Love Is Always Beginning
If your mind is empty, it is always ready for anything; it is open to everything. In the beginner’s mind there are many possibilities, in the expert’s mind there are few. Shunryu Suzuki
This is one of those quotes that encompasses all of the Buddha’s teachings. Simple. But not so easy to practice in the age of commercialized media-driven distraction. As one who does not do social media (other than these Dharma Journal moments), I am able to observe the effects of things like Facebook, Instagram, Tiktok, etc., as a disinterested party. I see how social media parrots whatever is in the mind of the participants. Unfortunately, it skews to the darker, negative sides of human interaction.

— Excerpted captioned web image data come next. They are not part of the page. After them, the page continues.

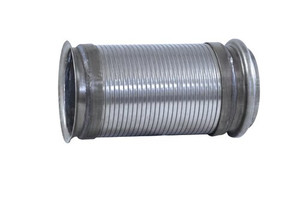 58509 - Economy Exhaust Flex Bellows Kit, D3S, Kenworth 820.B59335P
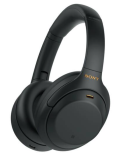 Sony Wireless Over-Ear-Kopfhörer WH-1000XM4 (30 h Akku) zum neuen Bestpreis bei Interdiscount, Galaxus und Digitec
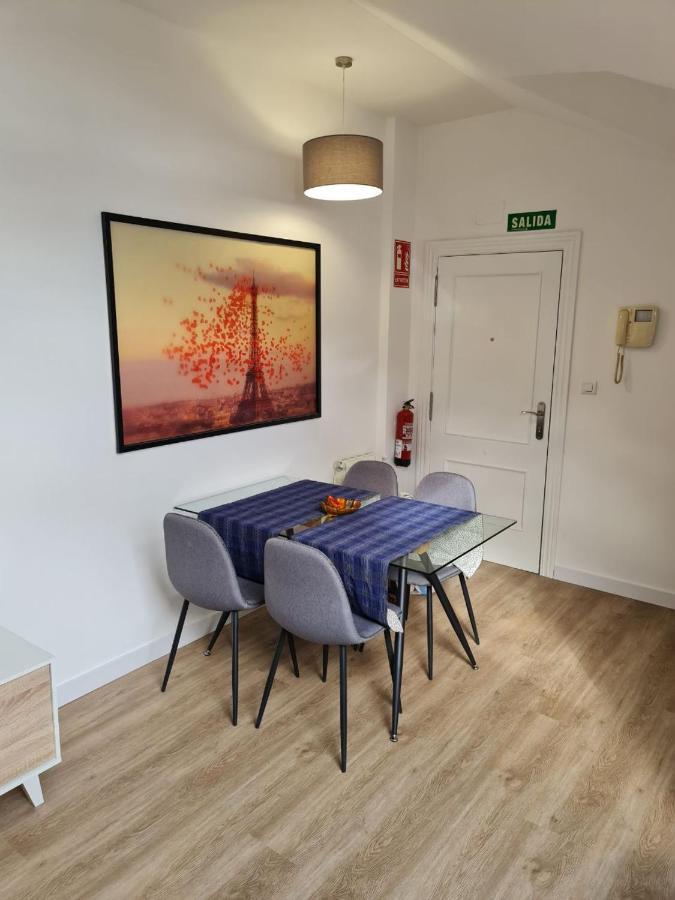 Apartamento Nuevo En El Astillero Dış mekan fotoğraf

Since the negative, dramatic aspects of our interactions get the most attention and are made into a marketable commodities, the algorithms driving the media favor the negative. Of course, this tends to happen in our own minds anyway. We do not realize our dramas paint us into little corners of the boxes of our creation. Buddha suggested we see the delusion of the box and rest in openness.

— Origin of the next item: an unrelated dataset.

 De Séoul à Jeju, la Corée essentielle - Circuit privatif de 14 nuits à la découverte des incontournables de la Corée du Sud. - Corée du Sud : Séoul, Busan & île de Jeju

Neuroscientists give a term to this openness, or empty, adaptable nature of our mind. They call it neuroplasticity, the ability of neural networks in the brain to change through growth and reorganization. These changes range from individual neuron pathways making new connections, to systematic adjustments like cortical remapping. In other words, we can completely change our minds! The work is to access the unlimited adaptable mind and encourage it to redevelop under a positive influence.
As I mentioned in the previous journal entry, we can infuse the open mind with compassionate thoughts through the practice of mantras and visualization. With practice, we redraw the map of our brain. It takes the form of our intention—if we remain single-pointed in our intention. This is the essential process of meditation: reconnecting with the open, empty, limitless mind—and flavoring it with love.
In matters of love, we are always beginners. Loving kindness and compassion are innately unchained to limited thinking. Love is a shape-shifter, always adopting the form that will be most beneficial in the moment. If we remap our brain under the influence of our emptiness nature, all things are possible. We walk the world as a bodhisattva, literally, an ‘awakened (compassionate) being’.